ETL and ELT paradigms, modern ELT tools, Change Data Capture, data quality checks, idempotent pipelines, and incremental loading strategies.

ETL vs ELT

The way we move and transform data has fundamentally shifted. Understanding when to use ETL (Extract-Transform-Load) versus ELT (Extract-Load-Transform) is a foundational decision for any data engineering team.

ETL: The Traditional Approach

ETL transforms data before loading it into the target system. This pattern dominated when storage was expensive and compute was limited.

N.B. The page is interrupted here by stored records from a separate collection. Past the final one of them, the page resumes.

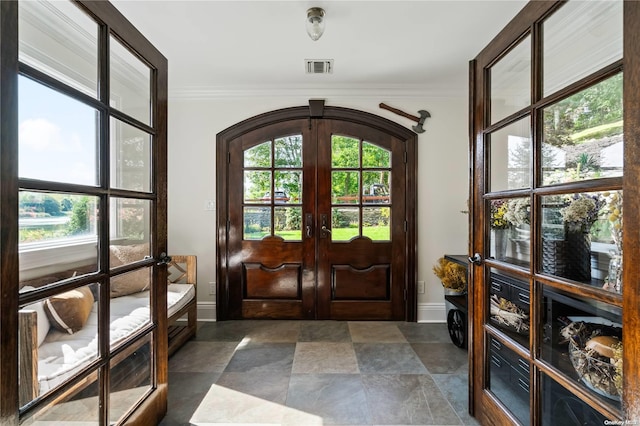 foyer featuring french doors, a wealth of natural light, and ornamental molding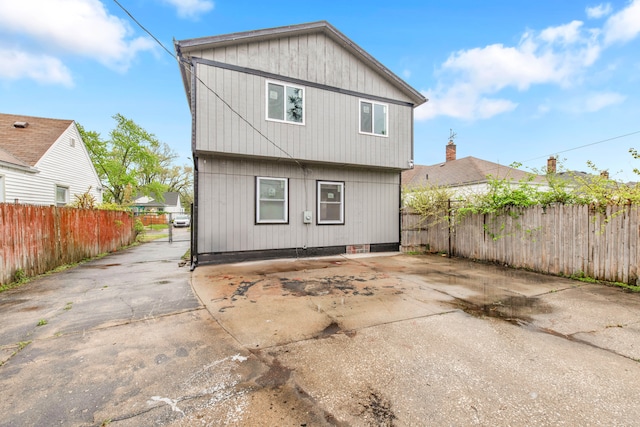 rear view of property with fence
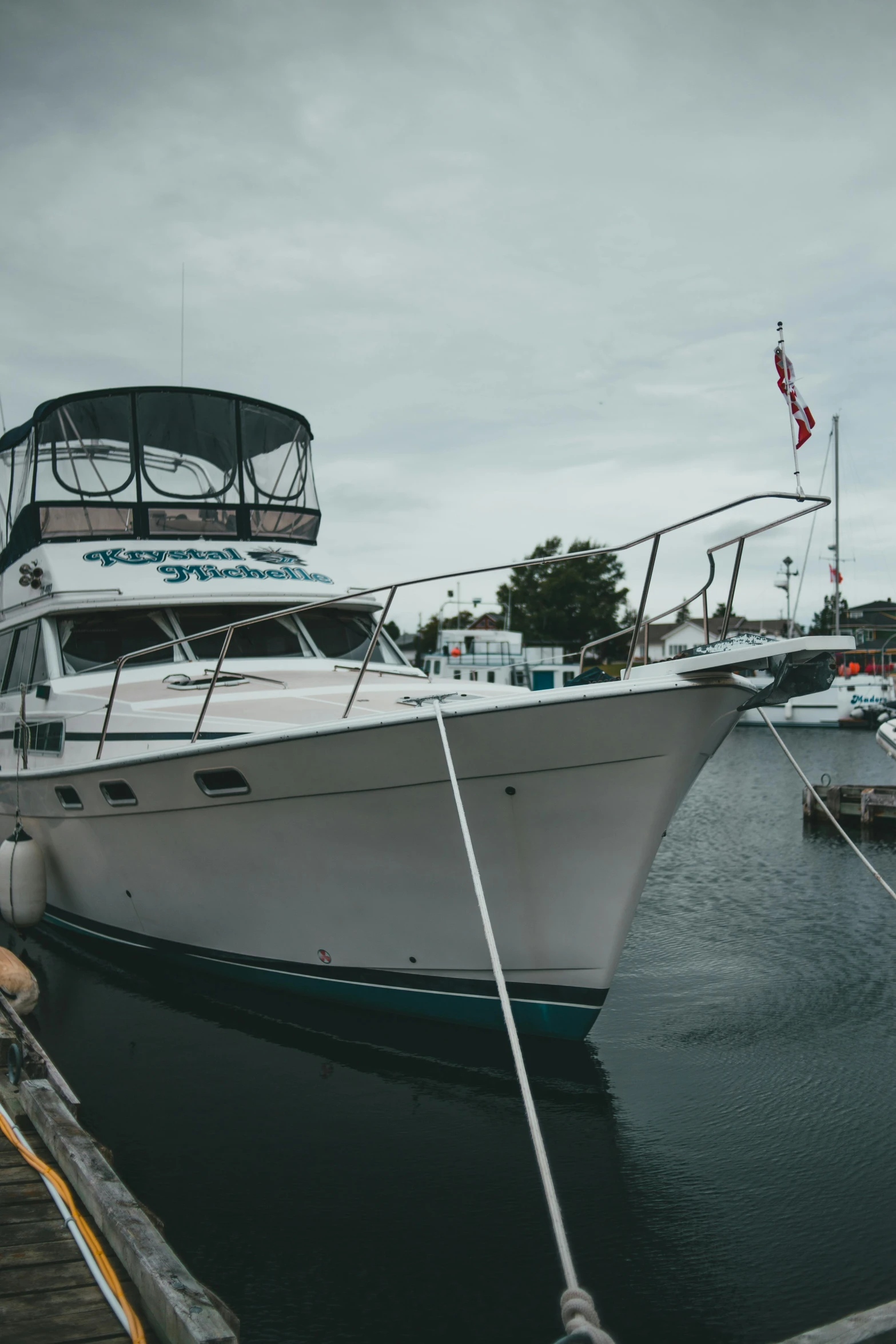 a man standing on a dock next to a boat, pexels contest winner, renaissance, picton blue, on display, on the bow, exterior wide shot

Source → Extract → Transform (staging server) → Load → Data Warehouse

How ETL Works

# Traditional ETL pattern
import pandas as pd
from sqlalchemy import create_engine

def extract(source_conn_string: str, query: str) -> pd.DataFrame:
    """Extract data from source system."""
    engine = create_engine(source_conn_string)
    return pd.read_sql(query, engine)

def transform(df: pd.DataFrame) -> pd.DataFrame:
    """Clean and transform data before loading."""
    # Remove duplicates
    df = df.drop_duplicates(subset=["order_id"])
    # Standardize dates
    df["order_date"] = pd.to_datetime(df["order_date"]).dt.date
    # Derive new columns
    df["total_with_tax"] = df["subtotal"] * (1 + df["tax_rate"])
    # Filter invalid records
    df = df[df["total_with_tax"] > 0]
    return df

def load(df: pd.DataFrame, target_conn_string: str, table: str):
    """Load transformed data into the warehouse."""
    engine = create_engine(target_conn_string)
    df.to_sql(table, engine, if_exists="append", index=False)

# Pipeline execution
raw_orders = extract(SOURCE_DB, "SELECT * FROM orders WHERE updated_at > :last_run")
clean_orders = transform(raw_orders)
load(clean_orders, WAREHOUSE_DB, "dim_orders")

When ETL Makes Sense

Strict compliance requirements (data must be masked before landing)
Source systems with limited bandwidth (transform to reduce data volume)
Legacy warehouses with limited compute capacity
Simple, low-volume pipelines

ELT: The Modern Approach

ELT loads raw data first, then transforms it inside the warehouse. This approach leverages the massive compute power of modern cloud warehouses.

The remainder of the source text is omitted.